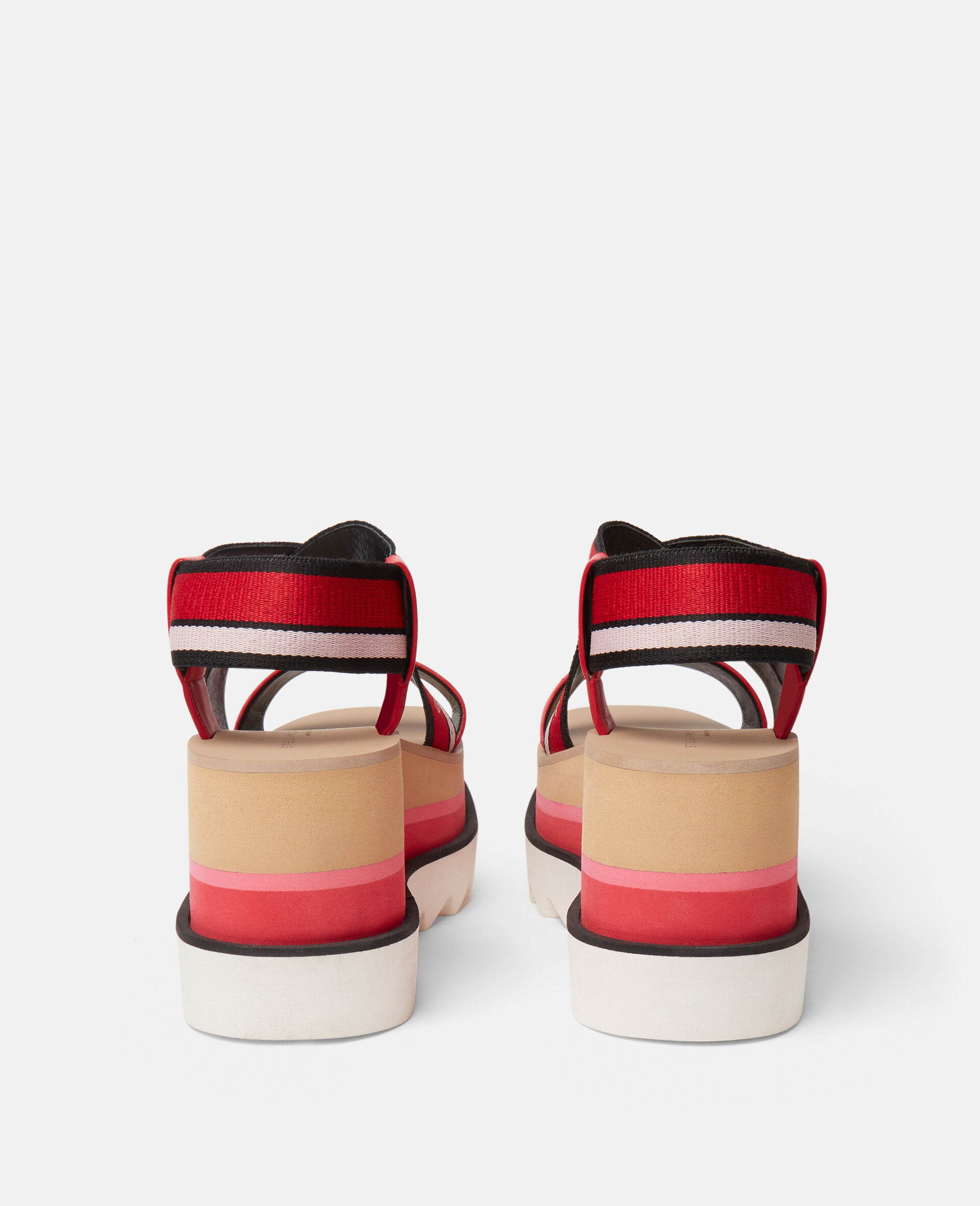 Sneak-Elyse Striped Platform Sandals-Red-large image number 2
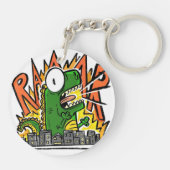 Porte-clés Dessin animé de dinosaure rugissant (Dos)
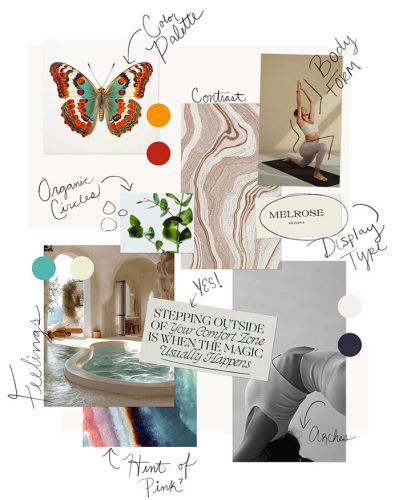 Custom mood board with sketches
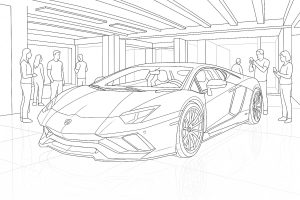 Lamborghini in einem Showroom (Ausmalbild von Autos)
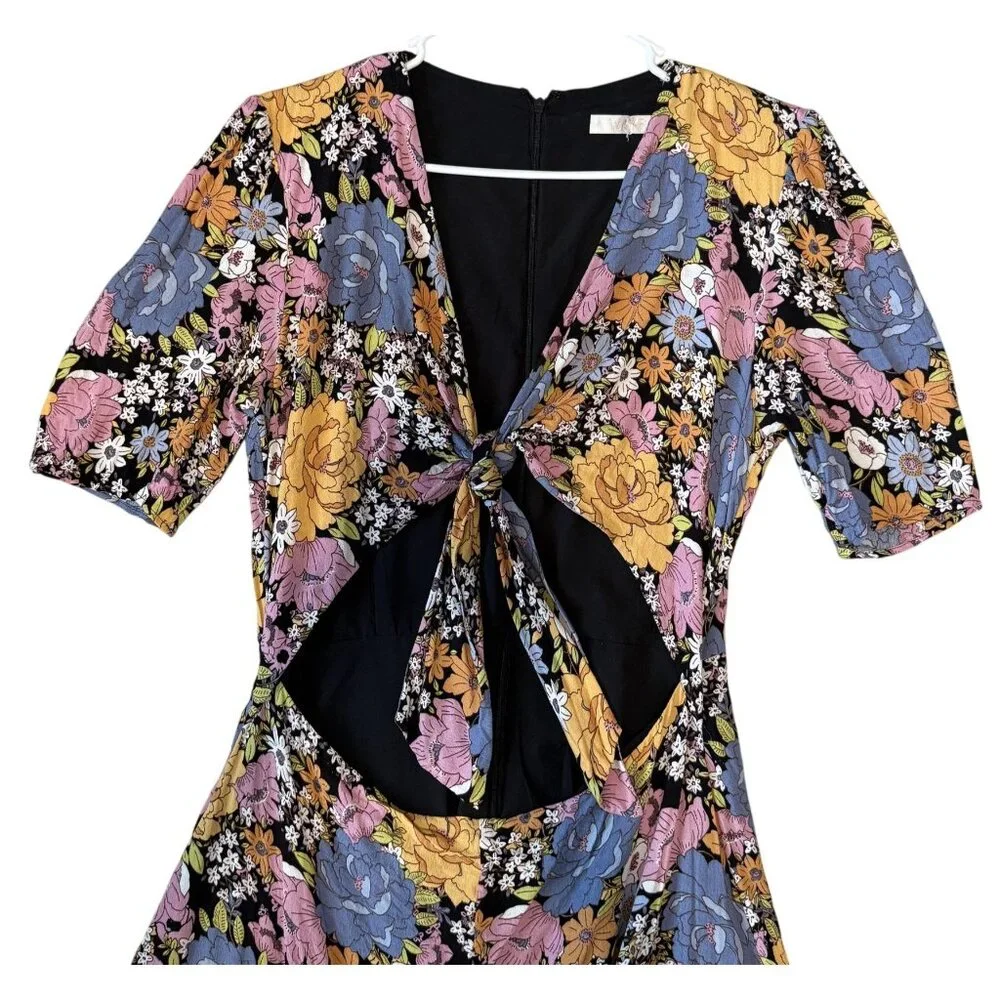 WAYF Floral Maxi Dress Front Tie Cutout Short Sleeves Multicolor Size M - Picture 2 of 6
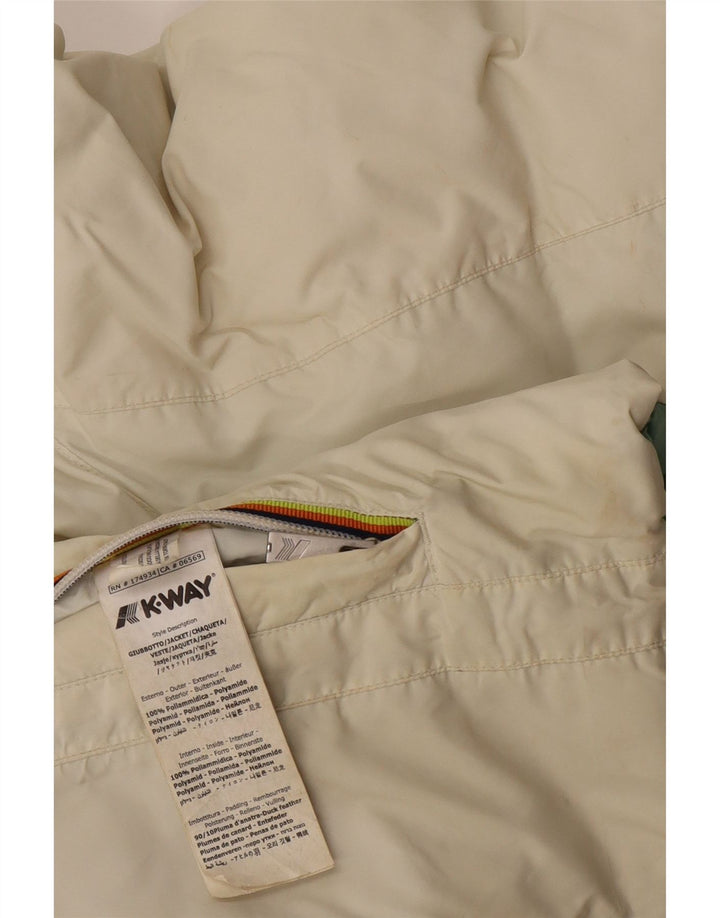 K-Way Veste matelassée réversible à capuche fille 11-12 ans Polyamide blanc cassé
══════
**EXERCISE DESCRIPTION:** Give again, word for word, each line from the one holding "Custom mood board with sketches" through the end of the entries, and leave out any picture.

**TASK SOLUTION:**
 Custom mood board with sketches
 Lamborghini in einem Showroom (Ausmalbild von Autos)
 WAYF Floral Maxi Dress Front Tie Cutout Short Sleeves Multicolor Size M - Picture 2 of 6
 K-Way Veste matelassée réversible à capuche fille 11-12 ans Polyamide blanc cassé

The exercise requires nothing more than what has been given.